TASK GOAL:
Under this line are the records; repeat exactly the lines starting at the one containing "森林半岛(南区),一大街-开封森林半岛(南区)二手房,租房,房价-开封" and ending at the one containing "Peugeot 308 Gebrauchtwagen Peugeot", omitting pictures.

Caption-style text data:
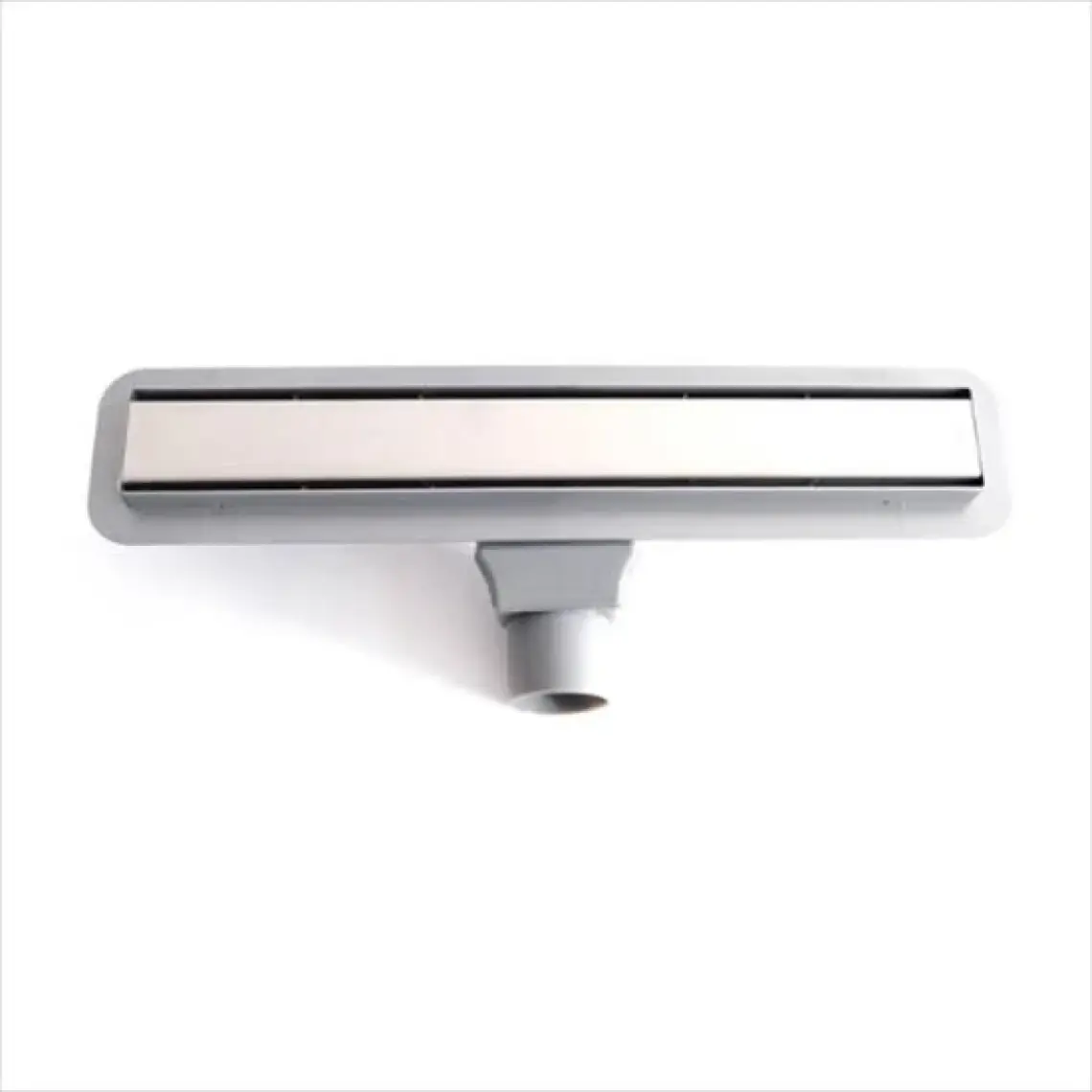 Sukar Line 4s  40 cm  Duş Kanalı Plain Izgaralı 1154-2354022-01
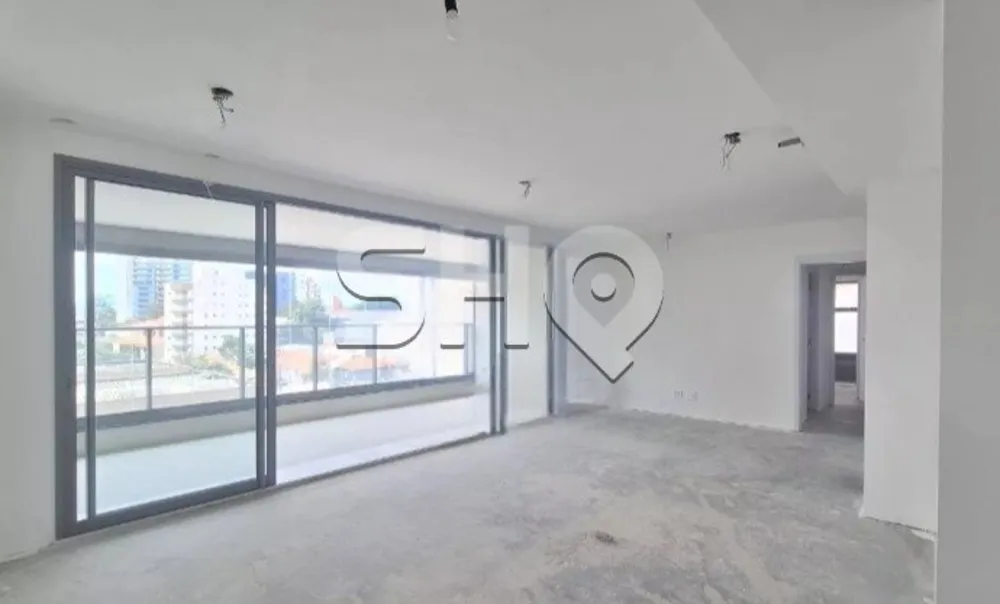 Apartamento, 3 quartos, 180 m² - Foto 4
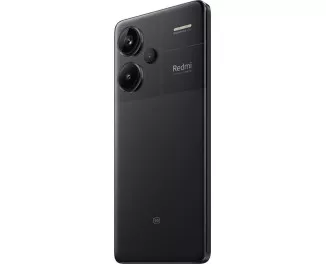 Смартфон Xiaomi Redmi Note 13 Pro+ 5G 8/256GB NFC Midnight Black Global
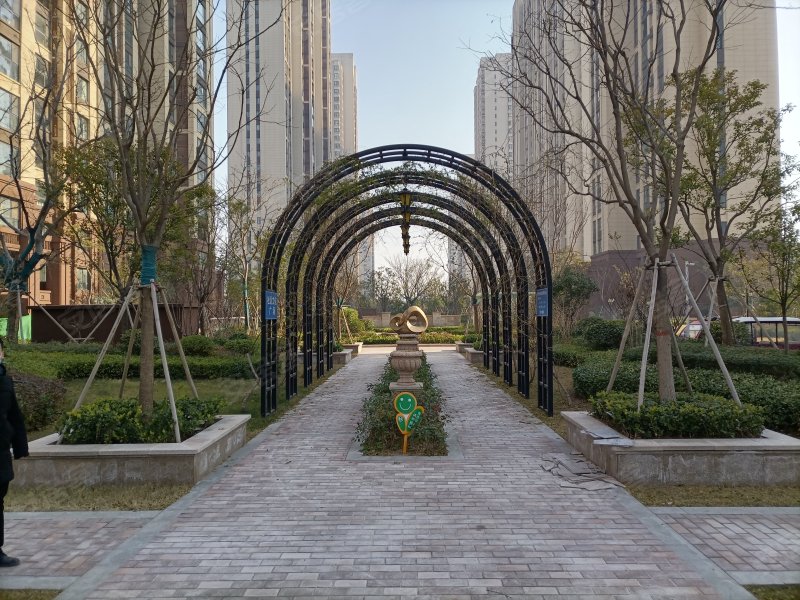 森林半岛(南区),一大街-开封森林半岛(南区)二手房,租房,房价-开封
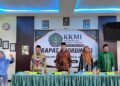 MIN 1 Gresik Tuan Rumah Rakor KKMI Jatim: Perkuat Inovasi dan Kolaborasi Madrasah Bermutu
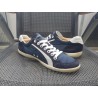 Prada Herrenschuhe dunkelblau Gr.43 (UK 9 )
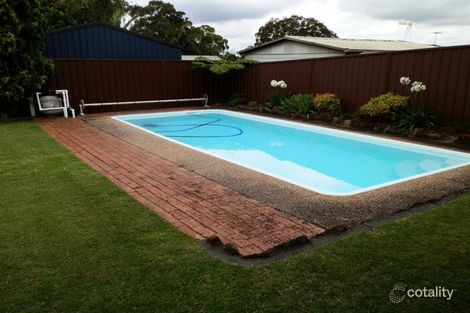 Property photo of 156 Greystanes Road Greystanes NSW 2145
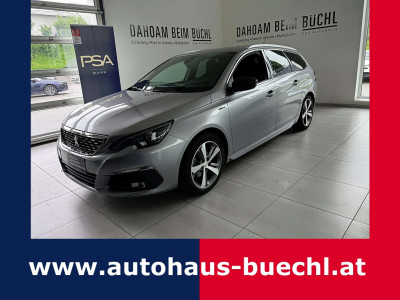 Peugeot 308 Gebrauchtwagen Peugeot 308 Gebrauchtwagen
--
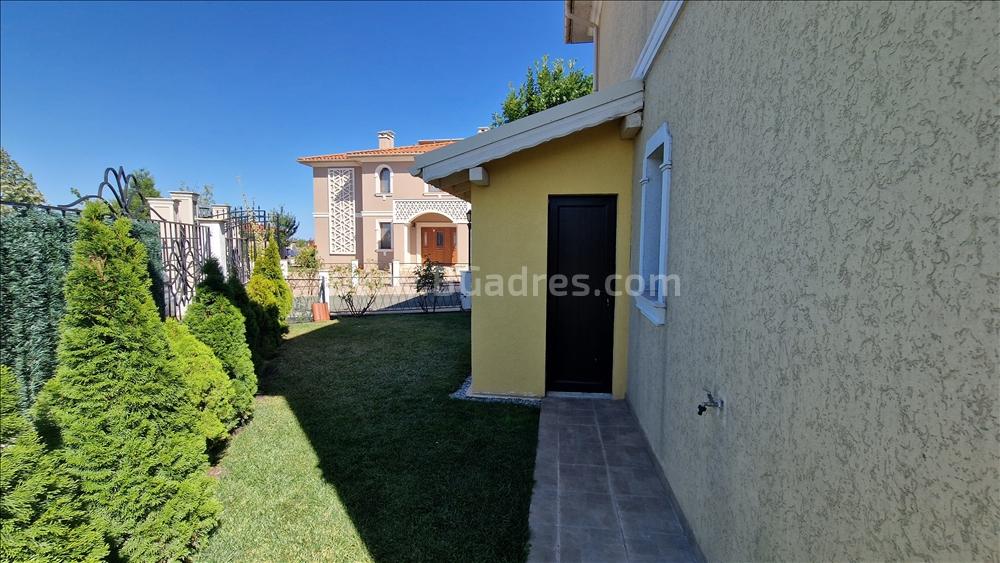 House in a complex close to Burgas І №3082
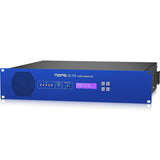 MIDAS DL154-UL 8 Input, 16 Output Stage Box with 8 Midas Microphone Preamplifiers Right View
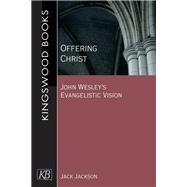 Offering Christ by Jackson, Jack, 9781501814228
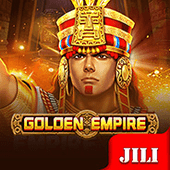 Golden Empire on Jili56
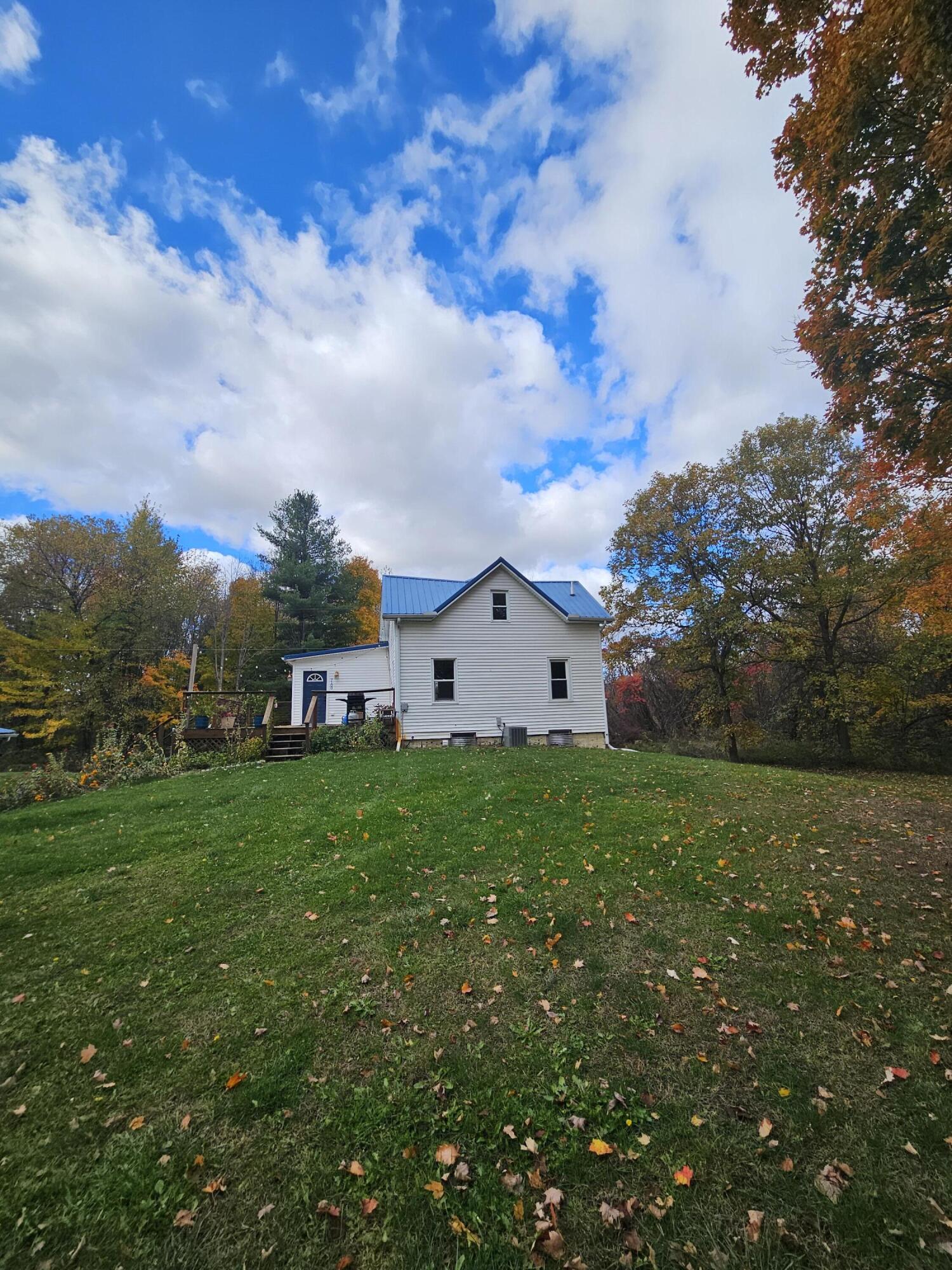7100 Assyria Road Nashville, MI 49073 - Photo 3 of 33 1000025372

REPLY:
 森林半岛(南区),一大街-开封森林半岛(南区)二手房,租房,房价-开封
 MIN 1 Gresik Tuan Rumah Rakor KKMI Jatim: Perkuat Inovasi dan Kolaborasi Madrasah Bermutu
 Prada Herrenschuhe dunkelblau Gr.43 (UK 9 )
 Property photo of 156 Greystanes Road Greystanes NSW 2145
 Peugeot 308 Gebrauchtwagen Peugeot 308 Gebrauchtwagen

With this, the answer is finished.